How to complete this task ▸
Please return every line of the records below that holds the word "женская".

** Data shown follows **

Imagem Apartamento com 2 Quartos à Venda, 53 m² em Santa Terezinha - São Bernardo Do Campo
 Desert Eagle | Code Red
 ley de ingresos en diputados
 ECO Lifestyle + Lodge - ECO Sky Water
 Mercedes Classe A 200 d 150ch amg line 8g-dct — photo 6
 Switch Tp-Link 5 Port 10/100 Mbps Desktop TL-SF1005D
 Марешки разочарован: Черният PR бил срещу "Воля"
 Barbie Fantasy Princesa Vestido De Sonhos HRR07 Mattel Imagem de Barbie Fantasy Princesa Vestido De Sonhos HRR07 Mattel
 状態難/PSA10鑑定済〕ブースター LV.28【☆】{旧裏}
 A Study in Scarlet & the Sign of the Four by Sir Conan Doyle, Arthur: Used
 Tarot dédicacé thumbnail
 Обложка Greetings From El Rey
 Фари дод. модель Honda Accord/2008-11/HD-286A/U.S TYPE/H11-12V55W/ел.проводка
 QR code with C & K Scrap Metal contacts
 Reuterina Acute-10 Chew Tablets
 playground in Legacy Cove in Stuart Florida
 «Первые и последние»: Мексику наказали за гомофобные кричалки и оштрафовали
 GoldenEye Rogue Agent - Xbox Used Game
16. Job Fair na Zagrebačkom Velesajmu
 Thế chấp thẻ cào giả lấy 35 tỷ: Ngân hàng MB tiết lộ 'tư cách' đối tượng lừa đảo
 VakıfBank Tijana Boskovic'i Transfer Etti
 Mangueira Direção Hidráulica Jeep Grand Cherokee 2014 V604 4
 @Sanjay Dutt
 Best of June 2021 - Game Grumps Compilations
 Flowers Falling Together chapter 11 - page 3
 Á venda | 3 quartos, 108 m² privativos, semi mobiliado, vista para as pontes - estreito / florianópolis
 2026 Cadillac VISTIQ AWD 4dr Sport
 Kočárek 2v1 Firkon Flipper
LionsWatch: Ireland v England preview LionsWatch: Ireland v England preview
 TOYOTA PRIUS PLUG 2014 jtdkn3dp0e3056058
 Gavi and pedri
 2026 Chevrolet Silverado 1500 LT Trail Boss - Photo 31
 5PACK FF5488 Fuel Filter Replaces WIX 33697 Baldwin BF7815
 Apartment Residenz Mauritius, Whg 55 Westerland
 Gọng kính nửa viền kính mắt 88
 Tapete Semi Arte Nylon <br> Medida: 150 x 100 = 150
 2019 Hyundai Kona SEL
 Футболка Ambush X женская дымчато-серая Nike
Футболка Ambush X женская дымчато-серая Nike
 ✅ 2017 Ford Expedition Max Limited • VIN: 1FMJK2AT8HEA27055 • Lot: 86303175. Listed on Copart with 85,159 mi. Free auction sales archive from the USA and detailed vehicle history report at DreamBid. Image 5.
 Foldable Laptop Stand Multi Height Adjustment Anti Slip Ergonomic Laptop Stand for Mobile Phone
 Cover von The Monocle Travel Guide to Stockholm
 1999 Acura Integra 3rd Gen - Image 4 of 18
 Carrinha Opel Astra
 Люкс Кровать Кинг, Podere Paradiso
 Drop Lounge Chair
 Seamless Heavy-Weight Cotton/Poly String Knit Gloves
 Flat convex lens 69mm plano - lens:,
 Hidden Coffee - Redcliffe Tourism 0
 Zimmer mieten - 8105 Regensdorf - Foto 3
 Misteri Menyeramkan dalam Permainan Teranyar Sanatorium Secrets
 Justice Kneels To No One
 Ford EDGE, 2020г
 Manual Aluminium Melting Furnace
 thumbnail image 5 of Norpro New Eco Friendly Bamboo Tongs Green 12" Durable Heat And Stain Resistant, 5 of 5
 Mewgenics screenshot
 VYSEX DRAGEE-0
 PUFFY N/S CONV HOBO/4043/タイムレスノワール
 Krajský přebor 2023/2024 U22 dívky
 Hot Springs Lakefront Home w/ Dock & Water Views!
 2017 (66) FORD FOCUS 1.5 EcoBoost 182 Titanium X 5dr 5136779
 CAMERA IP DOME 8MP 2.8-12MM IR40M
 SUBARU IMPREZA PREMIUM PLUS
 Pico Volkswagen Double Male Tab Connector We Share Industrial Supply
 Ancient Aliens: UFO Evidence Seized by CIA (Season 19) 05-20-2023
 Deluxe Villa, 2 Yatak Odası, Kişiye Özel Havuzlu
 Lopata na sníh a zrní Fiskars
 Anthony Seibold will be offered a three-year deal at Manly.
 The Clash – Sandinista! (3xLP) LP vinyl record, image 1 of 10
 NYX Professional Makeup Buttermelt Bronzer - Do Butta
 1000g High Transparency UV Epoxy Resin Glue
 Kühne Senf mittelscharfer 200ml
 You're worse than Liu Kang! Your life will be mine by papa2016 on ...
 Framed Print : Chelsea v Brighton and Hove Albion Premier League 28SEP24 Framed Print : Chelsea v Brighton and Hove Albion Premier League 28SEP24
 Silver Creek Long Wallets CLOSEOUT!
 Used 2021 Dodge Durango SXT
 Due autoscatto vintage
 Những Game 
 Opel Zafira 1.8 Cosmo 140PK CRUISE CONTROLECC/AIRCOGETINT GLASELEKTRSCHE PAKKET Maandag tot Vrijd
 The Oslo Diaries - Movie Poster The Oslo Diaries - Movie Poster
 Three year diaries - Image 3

** End of Data shown **

Exercise response ▸
 Футболка Ambush X женская дымчато-серая Nike
Футболка Ambush X женская дымчато-серая Nike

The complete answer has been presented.